:: Data section

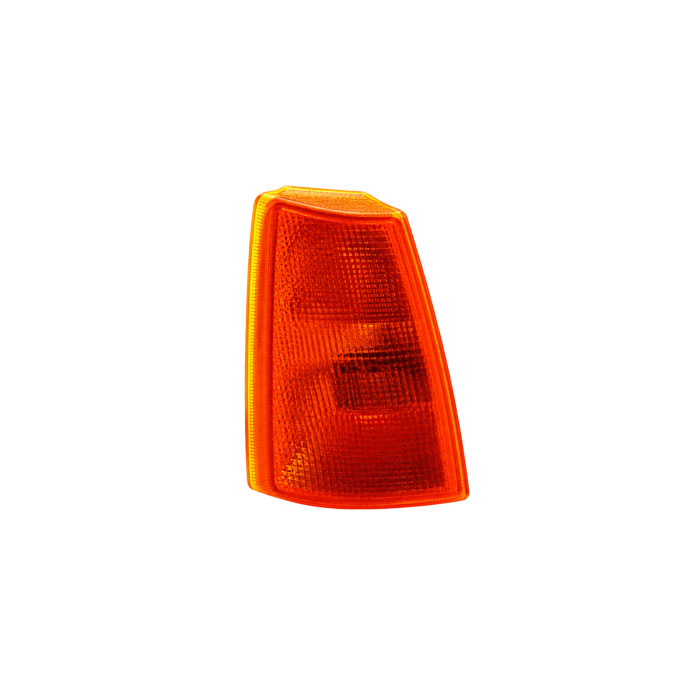 Knipperlicht voor OPEL KADETT 1984-1991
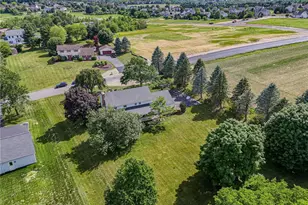 2855 Meadow Ln, North Whitehall Township, PA 18078 - Photo 57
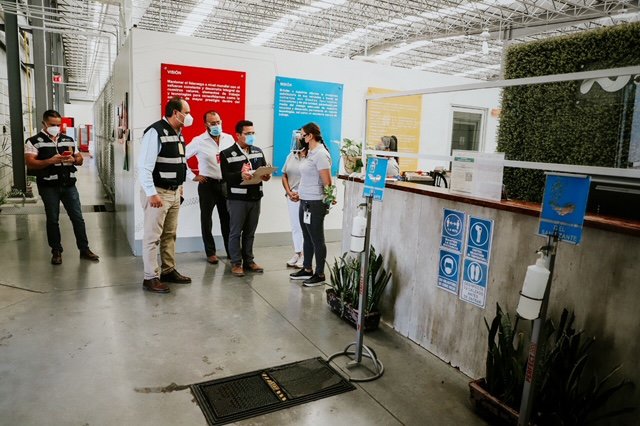 seg laboral 1.JPG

::::

Task objective — The answer is the listing above restated word for word, pictures removed.

Exercise solution —
 Knipperlicht voor OPEL KADETT 1984-1991
 2855 Meadow Ln, North Whitehall Township, PA 18078 - Photo 57
 seg laboral 1.JPG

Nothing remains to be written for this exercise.